**Data section**
• • • • • • •

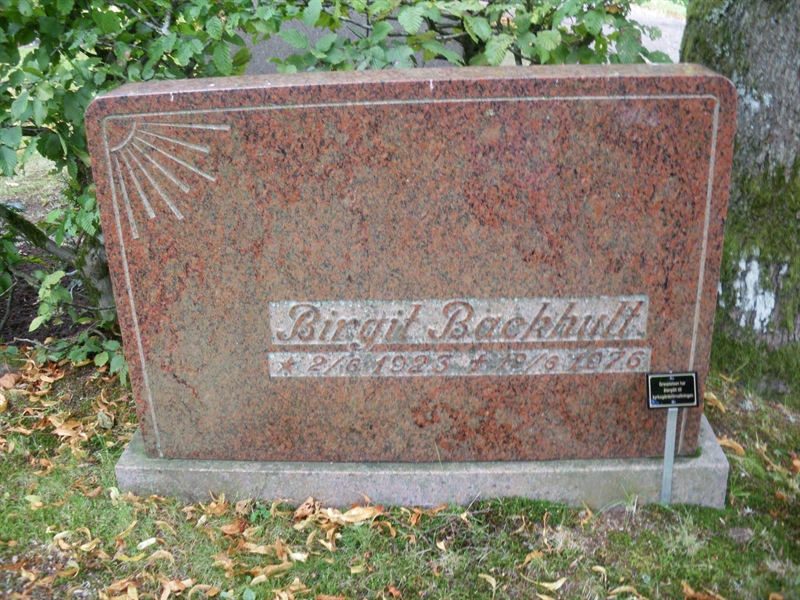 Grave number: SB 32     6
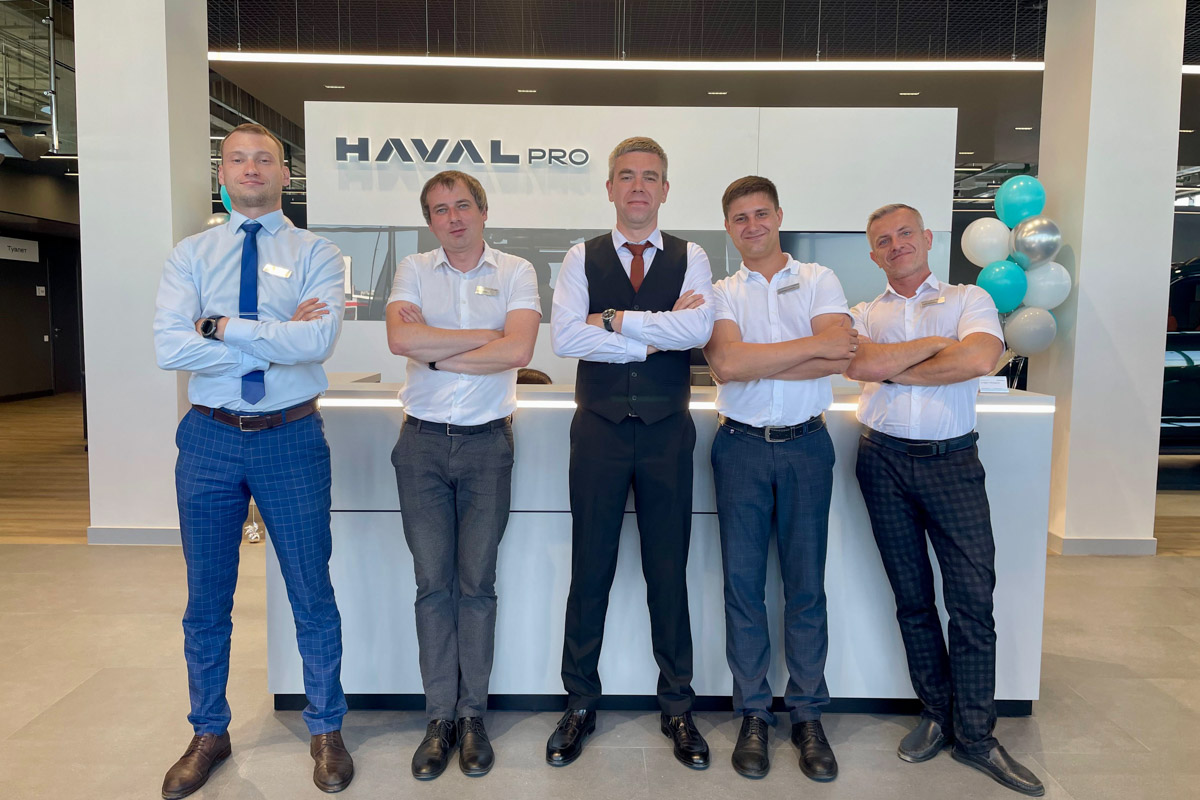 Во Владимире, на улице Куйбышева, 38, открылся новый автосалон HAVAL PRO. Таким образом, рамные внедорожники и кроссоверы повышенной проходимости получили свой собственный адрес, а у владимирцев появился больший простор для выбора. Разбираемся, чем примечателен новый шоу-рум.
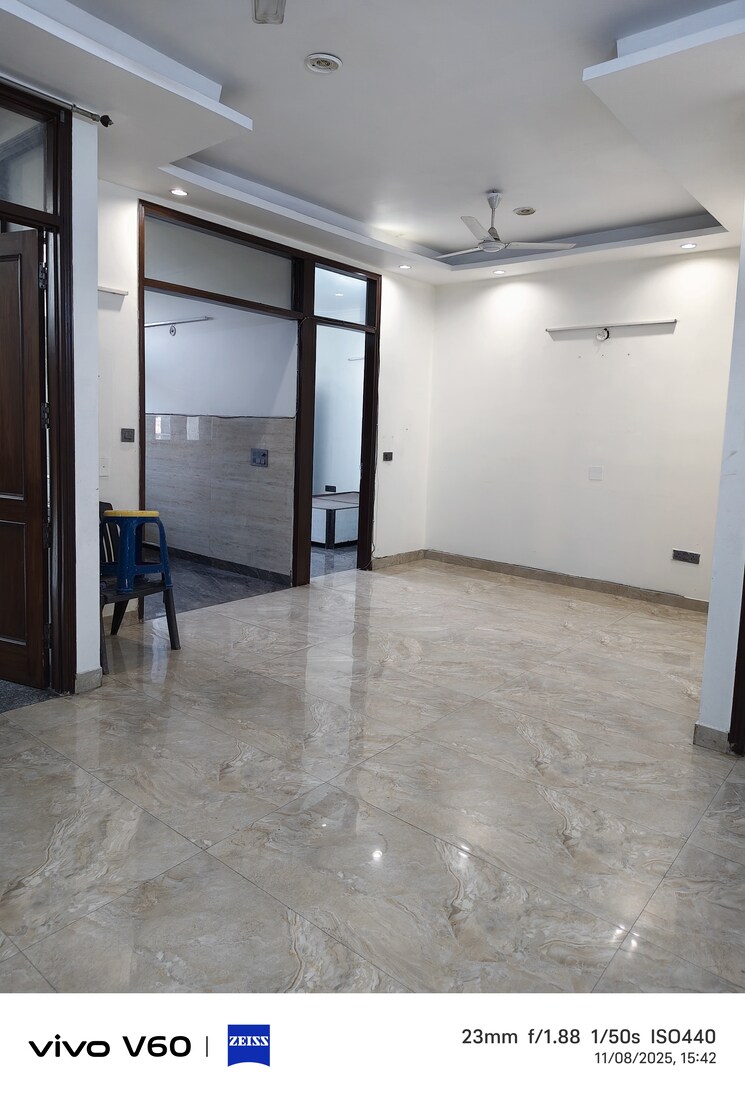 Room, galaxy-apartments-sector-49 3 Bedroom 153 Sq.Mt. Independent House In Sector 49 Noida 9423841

• • • • • • •

**What is needed**
Skip the pictures and write out exactly the lines from the line containing "Во Владимире, на" through the end of the listing above.

**Output for this task**
 Во Владимире, на улице Куйбышева, 38, открылся новый автосалон HAVAL PRO. Таким образом, рамные внедорожники и кроссоверы повышенной проходимости получили свой собственный адрес, а у владимирцев появился больший простор для выбора. Разбираемся, чем примечателен новый шоу-рум.
 Room, galaxy-apartments-sector-49 3 Bedroom 153 Sq.Mt. Independent House In Sector 49 Noida 9423841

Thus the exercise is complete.